As we have been saying, these last few chapters of the Book of Judges show clearly that once evil takes hold of a person – even a community or a country – and goes unchecked, and there is no indication of any desire to stop it or to turn from it, it will expand and poison the whole ‘body’. Then there is no distinction between what is good and evil, or between what is true and what is false, and there is no longer any active conscience left to check thoughts, desires and actions. (Arcana Caelestia 977)

The story begins… A Levite, a priest of Israel, takes a concubine from Bethlehem in Judah, but she takes part in prostitution and leaves the priest and goes to her father’s house in Bethlehem. The Levite goes to talk kindly with her, and she takes him into her father’s house where he is made welcome by her father.

The spiritual meaning of this is about a fairly mild situation of disorder and wrong which will form the beginning of all that is to happen. The Levite has a concubine. The concubine takes part in prostitution. The father’s fault seems to be that he keeps delaying the Levite’s departure. Every person lives with their own natures which produce mild disorders which can in fact become useful to us during regeneration. But allowed or left to stay unchecked, these disorders can begin to take hold. (Arcana Caelestia 8407)

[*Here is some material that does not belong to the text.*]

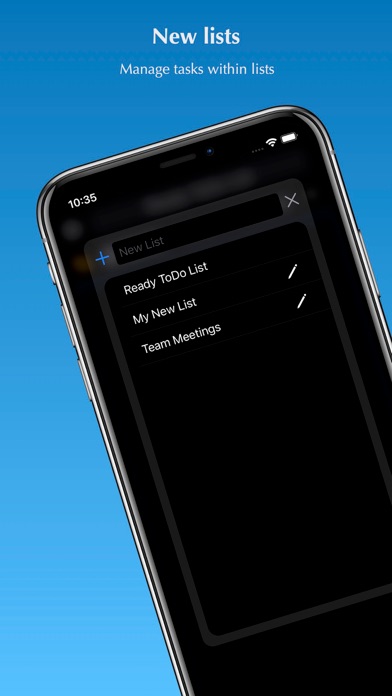 Screenshot #2 pour Ready ToDo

The Levite keeps intending to leave, but several times the father of the concubine begs him to stay another night and detains him. Three days there becomes four, another night is spent, and on the fifth day the father urges the Levite to stay and eat and spend another night and go away early the next day. This time the Levite refuses and they leave and get to the town of Jebus, a Canaanite town which will eventually become Jerusalem.

The spiritual meaning of these delays before leaving lies in the danger of not turning away from something which is beginning to hold us and become our new normality. The father is very persuasive, but he is the father of a concubine who prostitutes herself. The Levite senses something is not right, and he insists he will leave. (Divine Providence 329)

The Levite’s servant asks for them to stay in Jebus, but the Levite refuses to stay in a foreign city and says they will go on to Gibeah or Ramah. They come to Gibeah and stay in the square as no one will take them in. An old man passes by and offers to take them into his house, and they go with him.

The spiritual point of this refusal to stay in the foreign city of Jebus but to go on to Gibeah, a city in Israel, is to bring out for us a sense of the abhorrence of what is about to happen there, and the extent of the wrong in Israel. (Apocalypse Revealed 158)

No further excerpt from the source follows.